What to work on | In this exercise, the entries below include pictures. Repeat exactly the lines from the line with "4041 W 229th" to the line with "Volkswagen Passat Alltrack - 12", including both, but without the pictures.

══ Given data

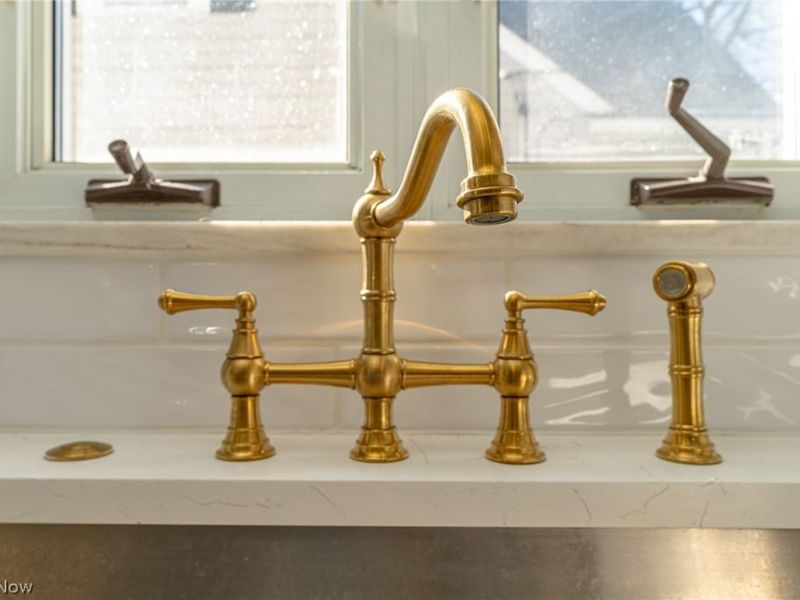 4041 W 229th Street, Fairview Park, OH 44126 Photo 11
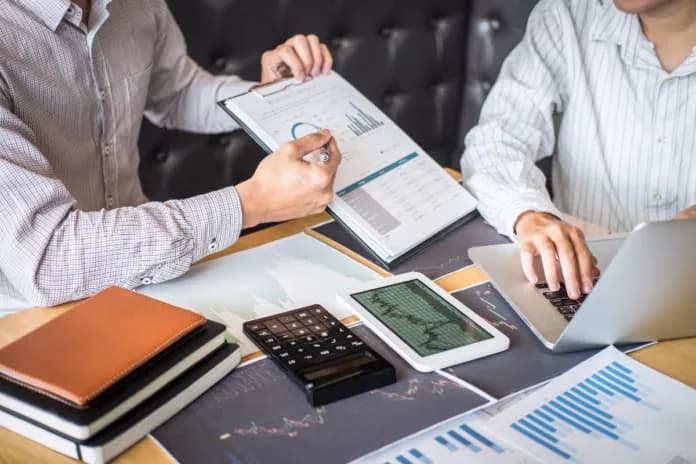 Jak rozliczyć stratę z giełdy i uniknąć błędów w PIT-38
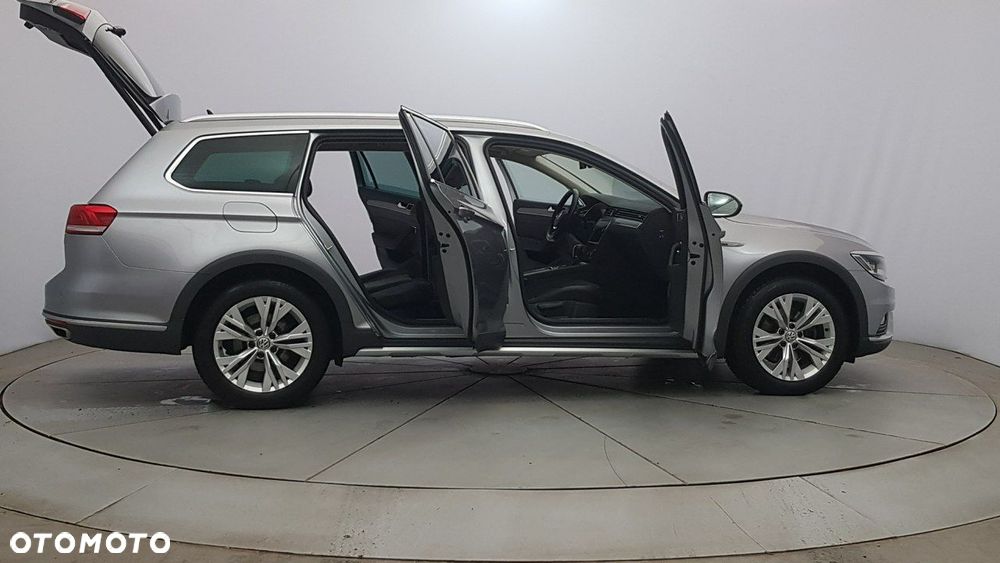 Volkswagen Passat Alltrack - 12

════
══ Given data

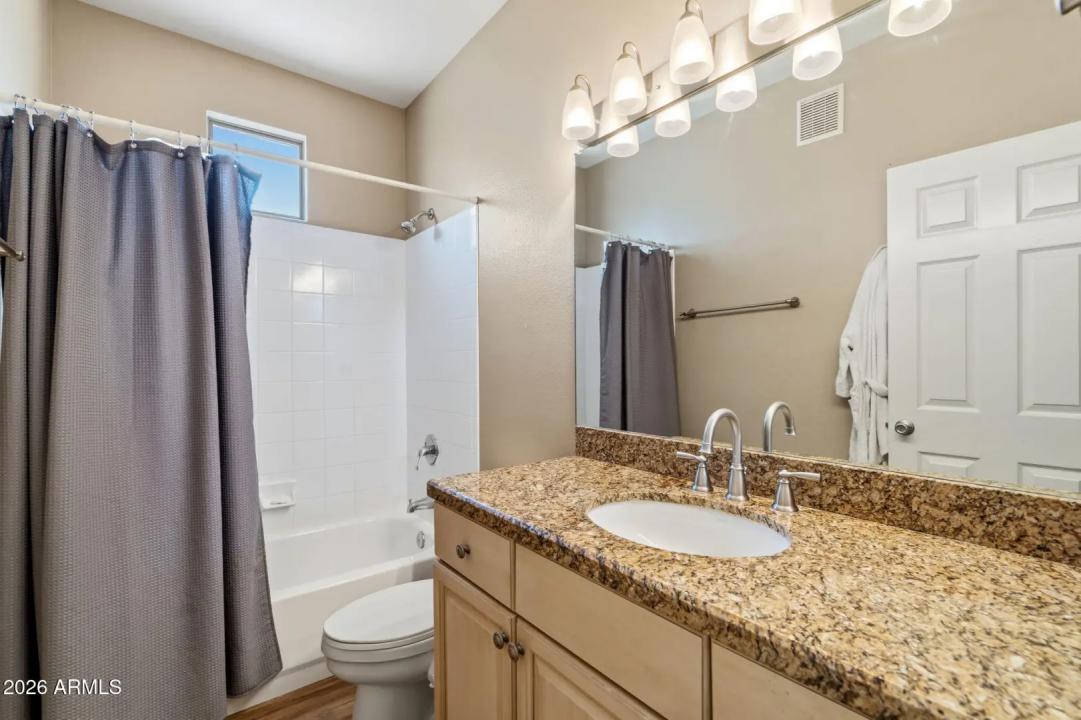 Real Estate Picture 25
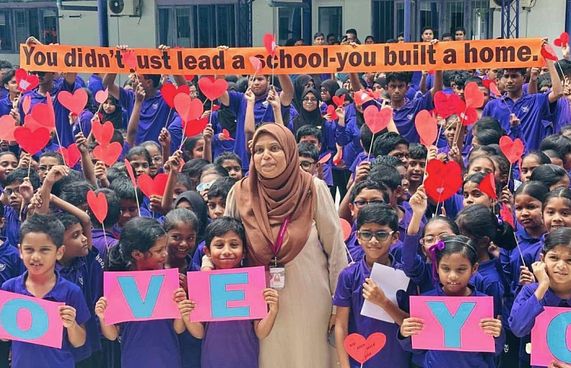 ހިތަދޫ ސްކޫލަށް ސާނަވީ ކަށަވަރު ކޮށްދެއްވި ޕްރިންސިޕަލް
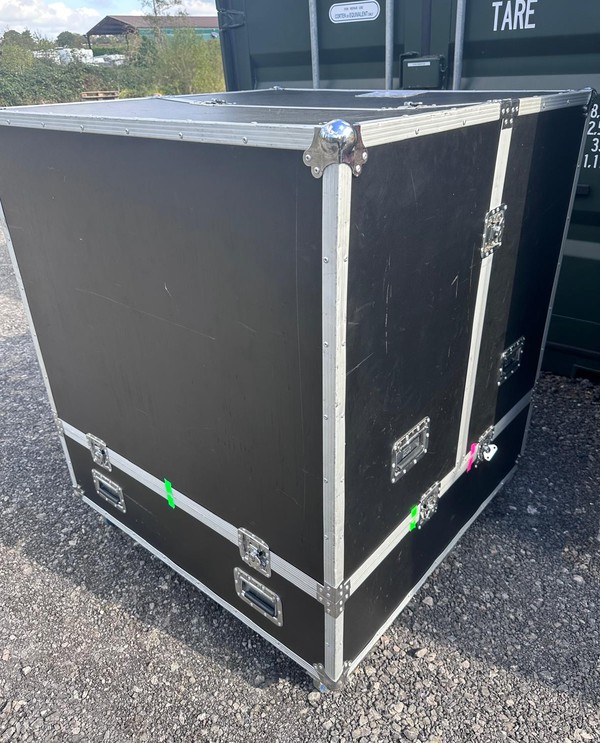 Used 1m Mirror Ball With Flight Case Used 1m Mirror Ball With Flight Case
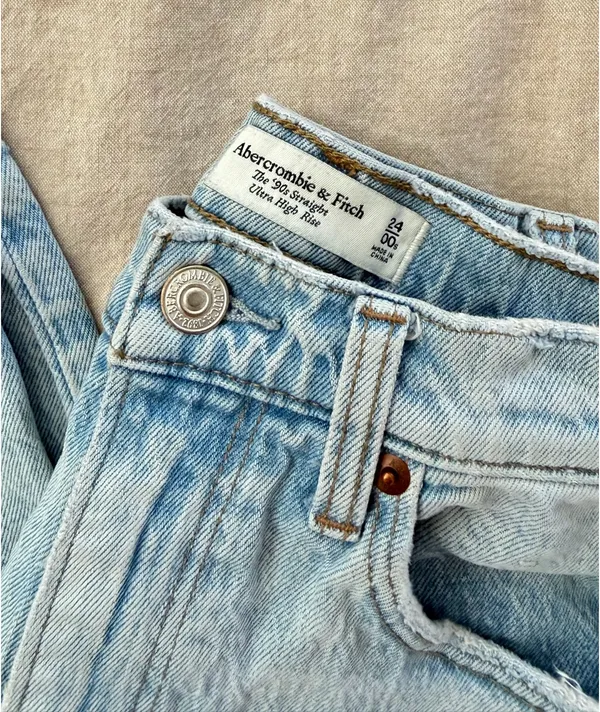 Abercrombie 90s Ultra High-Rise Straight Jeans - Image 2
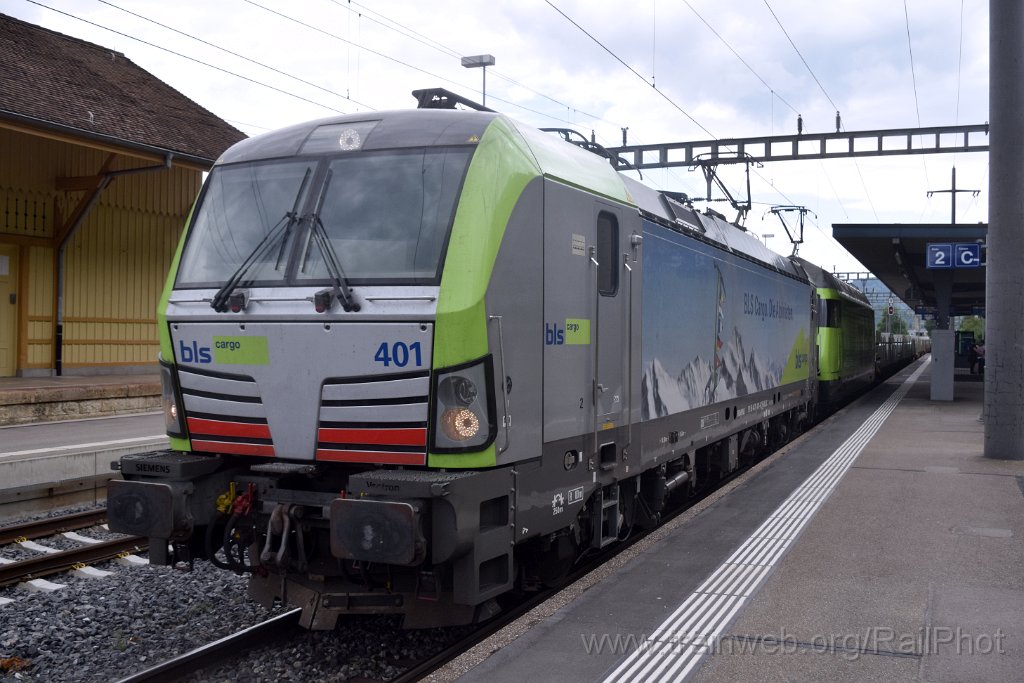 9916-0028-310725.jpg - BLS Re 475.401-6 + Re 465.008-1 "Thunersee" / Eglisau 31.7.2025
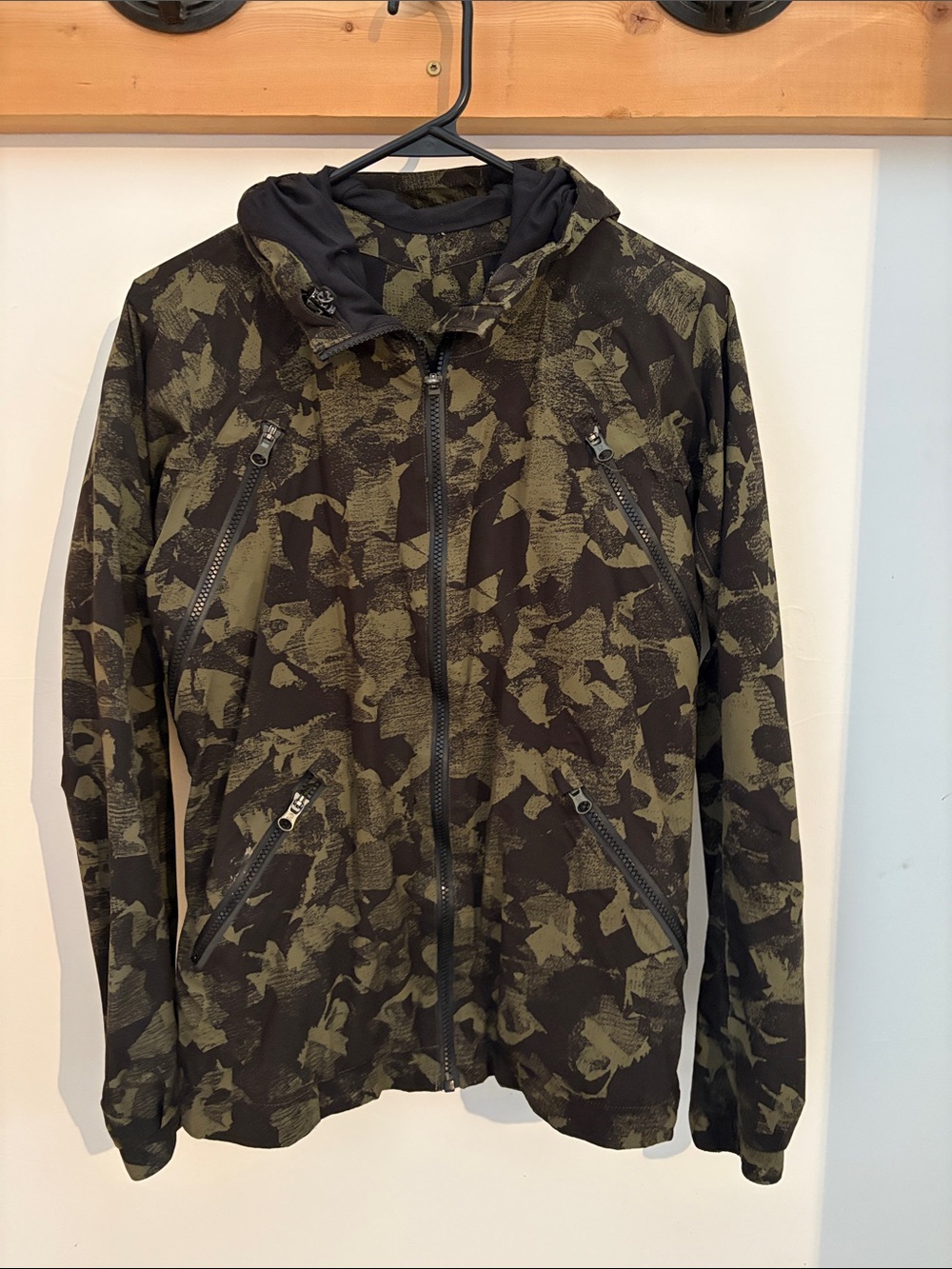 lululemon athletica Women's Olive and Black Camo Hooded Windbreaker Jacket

════

Output for this task |
 4041 W 229th Street, Fairview Park, OH 44126 Photo 11
 Jak rozliczyć stratę z giełdy i uniknąć błędów w PIT-38
 Volkswagen Passat Alltrack - 12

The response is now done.